The tax rate expectation is based on current tax law and current expected income. The tax rate may be affected by the jurisdictions in which profits are determined to be
earned and taxed; changes in the estimates of credits, benefits and deductions; the resolution of issues arising from tax audits with various tax authorities, including
payment of interest and penalties; and the ability to realize deferred tax assets. Gains or losses from equity securities and interest and other could vary from expectations
depending on gains or losses on the sale, exchange, change in the fair value or impairments of debt and equity investments; interest rates; cash balances; and changes in
fair value of derivative instruments.
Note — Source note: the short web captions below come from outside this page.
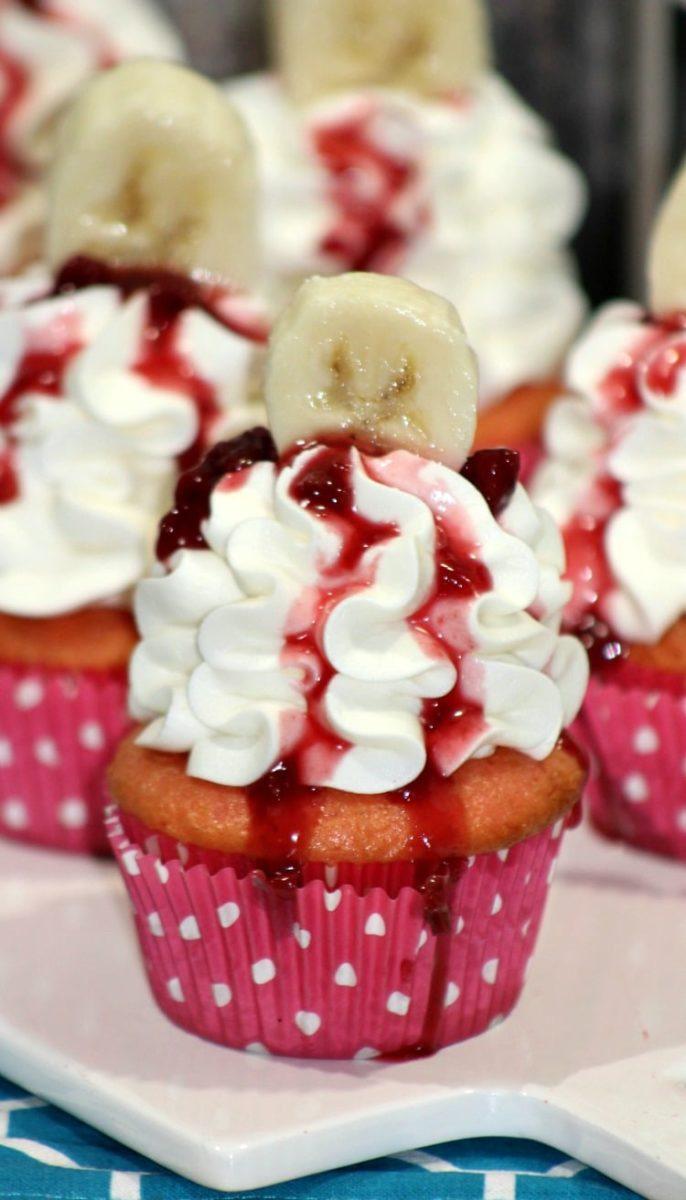 Yummy Strawberry Banana Cupcakes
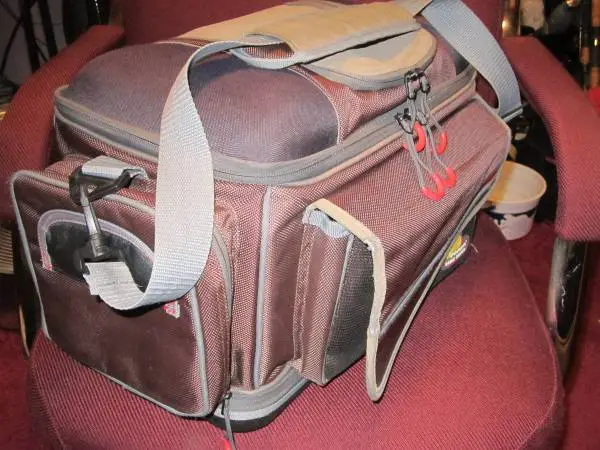 Plano Guide Series Soft Tackle Box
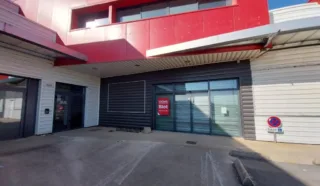  LOCAL COMMERCIAL 440 m² PONTIVY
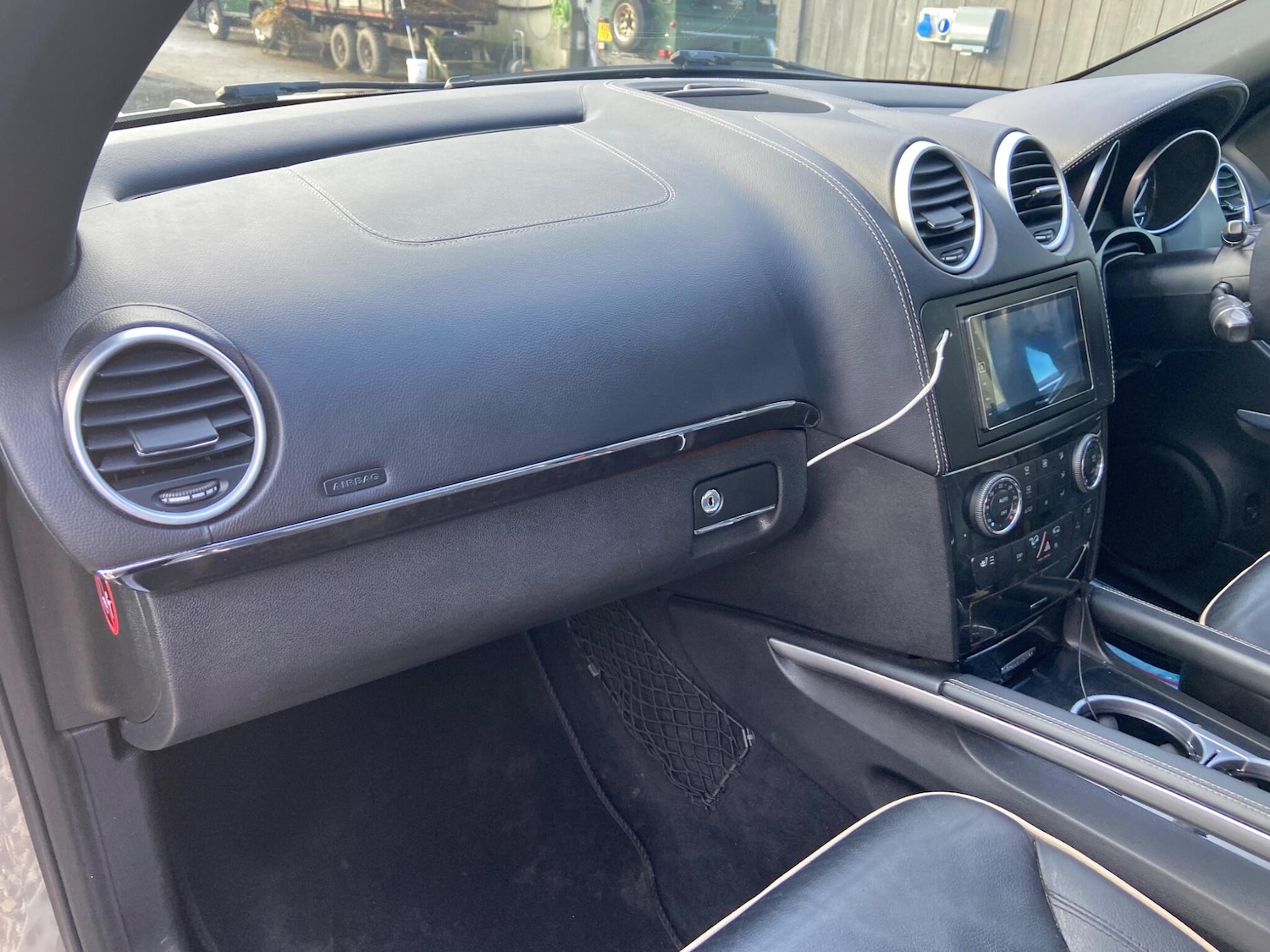 Used Mercedes-Benz M Class 2011 for sale - 77400443: Photo 19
The majority of Intel’s non-marketable equity investment portfolio balance is concentrated in companies in the flash memory market
segment, and declines in this market segment or changes in management’s plans with respect to Intel’s investments in this market segment could result in significant
impairment charges, impacting restructuring charges as well as gains/losses on equity investments and interest and other. Intel's results could be affected by adverse
economic, social, political and physical/infrastructure conditions in countries where Intel, its customers or its suppliers operate, including military conflict and other security
risks, natural disasters, infrastructure disruptions, health concerns and fluctuations in currency exchange rates. Expenses, particularly certain marketing and compensation
expenses, as well as restructuring and asset impairment charges, vary depending on the level of demand for Intel's products and the level of revenue and profits. Intel’s
results could be affected by the timing of closing of acquisitions and divestitures. Intel's results could be affected by adverse effects associated with product defects and
errata (deviations from published specifications), and by litigation or regulatory matters involving intellectual property, stockholder, consumer, antitrust, disclosure and
other issues, such as the litigation and regulatory matters described in Intel's SEC reports. An unfavorable ruling could include monetary damages or an injunction
prohibiting Intel from manufacturing or selling one or more products, precluding particular business practices, impacting Intel’s ability to design its products, or requiring
other remedies such as compulsory licensing of intellectual property. A detailed discussion of these and other factors that could affect Intel’s results is included in Intel’s
SEC filings, including the company’s most recent Form 10-Q, Form 10-K and earnings release.